Le componenti sulle quali si fonda il protocollo sono tre: la dimensione di gruppo, grazie alla quale le ragazze (che spesso raccontano di sentirsi sole, diverse, aliene) interagiscono tra loro in modo guidato, costruendo un senso di appartenenza; la psicoeducazione sulle caratteristiche dello spettro autistico con lieve necessità di supporto, dalle particolarità sensoriali fino a quelle sociali ed emotive; l’approccio terapeutico cognitivo-comportamentale. Ogni attività è strutturata e pianificata nel dettaglio in modo da evitare imprevisti e dare alle ragazze dei punti fermi rispetto allo sviluppo delle sessioni, alle richieste come i “compiti” per casa e alle possibilità nel caso ci si senta in ansia (es: prevedere un luogo separato nel quale la ragazza possa ritirarsi se sentisse il bisogno di stare sola, o fosse in sovraccarico).
La società
Come ricordano gli autori, il mondo conosce ancora poco l’autismo e a volte le conoscenze sono stereotipate o legate a quanto visto in film e serie tv. Per questo motivo, durante le sessioni si parlerà anche di come imparare a raccontarsi in modo consapevole, senza necessariamente sempre ricorrere alle etichette diagnostiche, ma descrivendo le proprie particolarità nei termini di modo di essere. Riflettere sulla comunicazione delle proprie caratteristiche “è una tematica trasversale a tutte le sessioni, perché tale condivisione riguarda le modalità differenti di approccio al mondo in vari ambiti (sensoriale, cognitivo, emotivo e sociale).
L’intero protocollo si basa su informazioni estremamente personalizzate sul funzionamento tipico delle persone autistiche e punta, di conseguenza, a fornire strumenti per aumentare la consapevolezza di sé e di formazione dell’identità, ma anche indicazioni pratiche per contesti complessi come le interazioni sociali. Ad esempio strategie per impostare una conversazione tarandosi sul contesto, sul rapporto umano con l’interlocutore, sul livello di confidenza e via dicendo.

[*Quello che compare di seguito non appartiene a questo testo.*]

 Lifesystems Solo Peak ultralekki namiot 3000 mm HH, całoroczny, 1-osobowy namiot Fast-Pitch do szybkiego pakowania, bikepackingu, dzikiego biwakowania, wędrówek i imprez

L’obiettivo, come scrive nella prefazione Davide Moscone, è insegnare alle ragazze a “interagire, socializzare, regolare le proprie emozioni mentre scoprono e rispettano se stesse”. Non per mimetizzarsi meglio continuando ad adeguarsi alla realtà che le circonda, ma perché diventino “[…] advocate competenti in grado di esprimere i propri bisogni e i propri desideri” e possano trovare la propria unicità nella neurodiversità.
Nota: Nonostante siano stati introdotti diversi anni fa, i 3 livelli dell’autismo (descritto in base alla necessità di supporto lieve, moderata o severa) non sono ancora entrati a far parte del linguaggio quotidiano. Per questo nell’articolo viene impiegato anche il termine “sindrome Asperger”, non più presente nei manuali diagnostici ma che resta ampiamente usato nel linguaggio comune per parlare di autismo senza disabilità intellettiva e porta con sé una forte componente di appartenenza.